Winter Beyond Winter: The Films of Jonathan Schwartz

 If the War Continues
April 11th 2025

“April is the cruelest month,” wrote the poet T. S. Eliot in 1922 in his poem The Wasteland. Today, during our own April of 2025, the sudden and severe cruelties wrought by the state of the world are overwhelming many of us. In such a climate, sharing art—especially art that does not deny pain or fear, but also attends to the precarious beauties of the world—can be a balm for the soul. The experimental filmmaker Jonathan Schwartz's 16mm works speak to this dichotomy and provide an opportunity to collectively share in moments of despair, hope, and exaltation.

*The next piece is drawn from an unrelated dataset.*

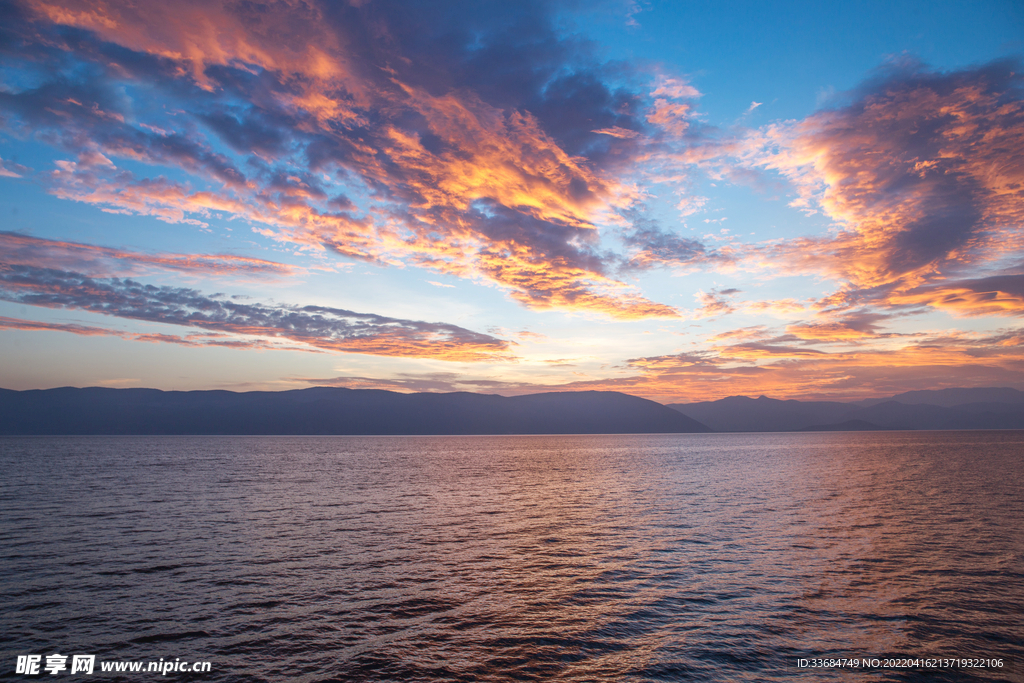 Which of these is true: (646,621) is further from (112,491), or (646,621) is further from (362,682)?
(112,491)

“Winter Beyond Winter,” curated by Dan Stangl and named after one of Schwartz’s films, is the first solo program of his work in New York in five years. (The 57th New York Film Festival honored him with a program titled “Appearances and Disappearances” a year after his untimely death.) Spectacle’s series features six films, made between 2007 and 2017. They range from his final two films, A Leaf is a Sea is a Theatre (2017) and The Crack-Up (2017), to earlier works shot during New England winters over a number of years. On the surface, the program follows seasonal changes, beginning with the brilliant colors, longing, and sadness of autumn in A Leaf, and then moving through the violence and stunning beauty of winter in The Crack-Up, If the War Continues (2012, pictured at top), For a Winter (2007), and Winter Beyond Winter (2016). The program ends with the promise of transformation, alluded to in the New Year’s Sun (2010). On a more profound level, these six films embody Schwartz’s gift for combining personally meaningful texts and existential questions with lyrical images of nature that arise from his own idiosyncratic aesthetic approach. His attention to transformations occasioned by light, his physical movements with the camera, and his in-camera winding and rewinding of film stock all embody his and the world’s fortuitous memory and fleeting hold.

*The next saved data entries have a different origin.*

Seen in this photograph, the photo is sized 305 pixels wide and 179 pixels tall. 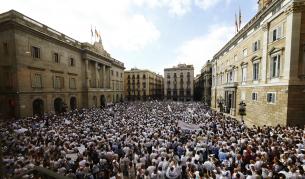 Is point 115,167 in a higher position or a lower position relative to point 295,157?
lower

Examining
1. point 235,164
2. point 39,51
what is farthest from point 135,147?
point 39,51

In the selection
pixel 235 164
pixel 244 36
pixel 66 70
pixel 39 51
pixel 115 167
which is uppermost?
pixel 244 36

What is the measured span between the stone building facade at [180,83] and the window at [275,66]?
59033 mm

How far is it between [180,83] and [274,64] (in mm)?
59734

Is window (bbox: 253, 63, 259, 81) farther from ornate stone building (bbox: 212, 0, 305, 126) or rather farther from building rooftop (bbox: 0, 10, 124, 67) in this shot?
building rooftop (bbox: 0, 10, 124, 67)

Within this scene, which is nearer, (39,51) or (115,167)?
(115,167)

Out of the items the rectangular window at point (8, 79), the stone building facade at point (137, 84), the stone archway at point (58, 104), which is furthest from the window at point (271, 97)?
the stone building facade at point (137, 84)

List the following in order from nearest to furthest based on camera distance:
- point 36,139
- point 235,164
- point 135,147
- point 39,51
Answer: point 235,164 < point 135,147 < point 36,139 < point 39,51

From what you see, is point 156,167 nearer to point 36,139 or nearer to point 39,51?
point 36,139

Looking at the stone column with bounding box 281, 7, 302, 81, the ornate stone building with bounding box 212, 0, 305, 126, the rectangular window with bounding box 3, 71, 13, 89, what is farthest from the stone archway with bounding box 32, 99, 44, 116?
the stone column with bounding box 281, 7, 302, 81

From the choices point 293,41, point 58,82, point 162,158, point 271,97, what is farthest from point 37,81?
point 293,41

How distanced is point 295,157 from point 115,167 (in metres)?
8.88

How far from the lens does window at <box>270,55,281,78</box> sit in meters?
17.0

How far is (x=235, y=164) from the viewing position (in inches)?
316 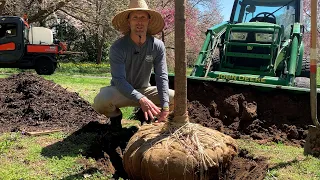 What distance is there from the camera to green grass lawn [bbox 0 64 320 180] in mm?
3008

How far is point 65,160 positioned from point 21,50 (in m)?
11.1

While Schwartz’s oeuvre contains numerous films made while travelling the world—in India, Israel, and Turkey—Spectacle's selection focuses on those shot near his home in New England, with the exception of The Crack-Up, which was mostly filmed in Iceland in the early winter of 2017. The expressive handheld and gestural camerawork, in-camera superimpositions, and whimsical, generous gaze present in Schwartz’s lens conveys his delight and awe at his surroundings. Between depictions of seasons, places, and loved ones, fragments of texts—including excerpts from Susan Howe, James Tate, F. Scott Fitzgerald, Cormac McCarthy, and Herman Hesse—materialize and situate the philosophical and emotional tapestry Schwartz weaves for viewers in film. Doubt, fear, and despair commingle with his stunning affirmation of the splendors of life.

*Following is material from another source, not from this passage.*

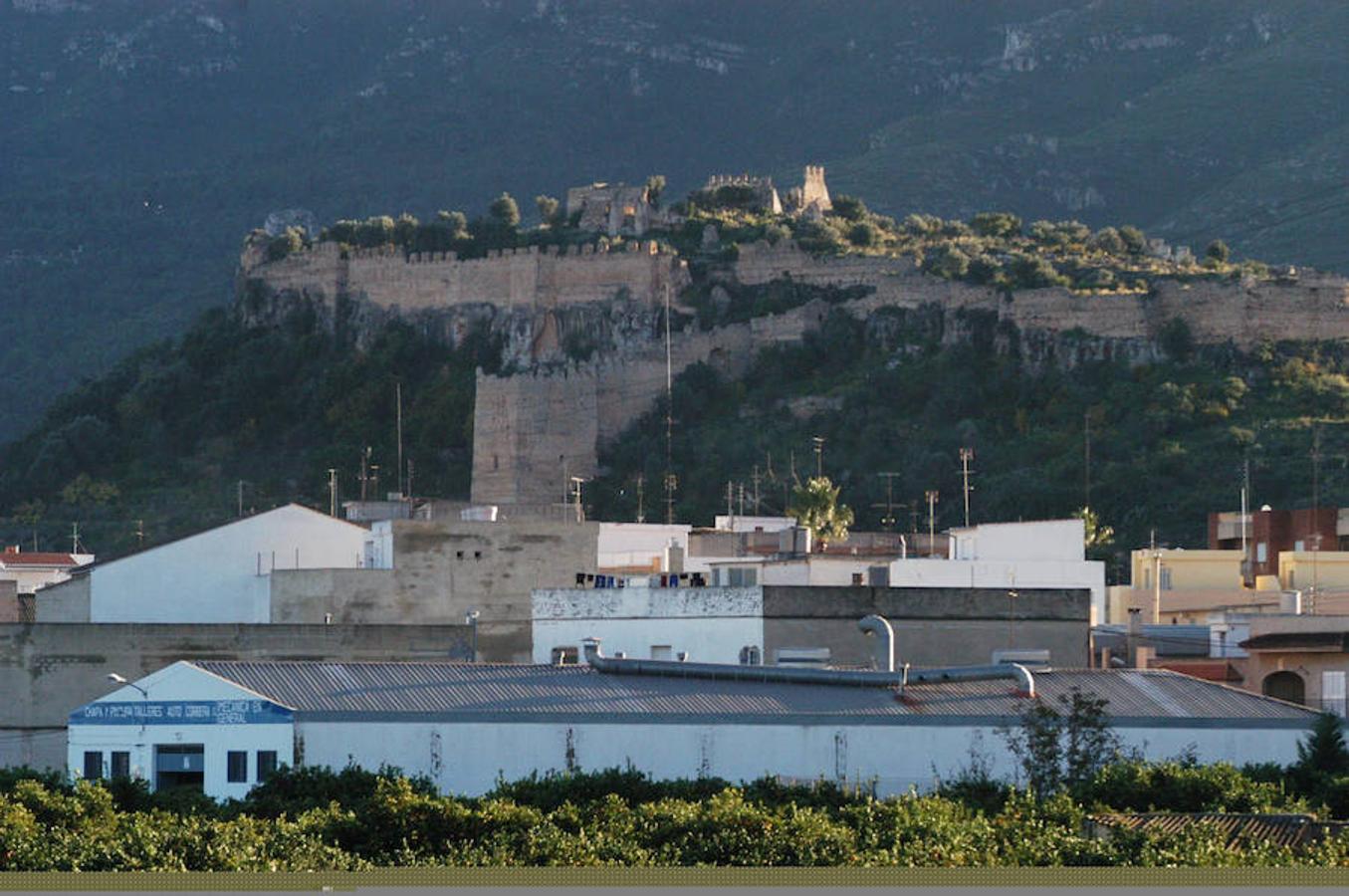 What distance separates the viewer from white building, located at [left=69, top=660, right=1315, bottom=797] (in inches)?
1284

His last film, The Crack-Up, can be seen as a work for our moment: a philosophical call to action of the mind or body. He, like Fitzgerald, urges us to “see that things are hopeless and yet be determined to make them otherwise.” The Crack-Up expresses personal struggle, but also a cry for the earth, for the time and mass of glaciers, and for all of us. One can “crack in many ways” Fitzgerald writes, and Schwartz’s film suggests that such cracking besets, or will beset, us all. It is this that makes us human, vulnerable. His depiction of the ineffable battle between despair and hope, between anguish and buoyancy in response to this cracking from inside and out is profoundly moving.

WINTER BEYOND WINTER: The Films of Jonathan Schwartz screens tonight, April 11, and on April 13 at Spectacle. After the screening, there will be a talk between Jonathan’s partner, the landscape designer Emily Drury, and the writer and scholar Rebekah Rutkoff.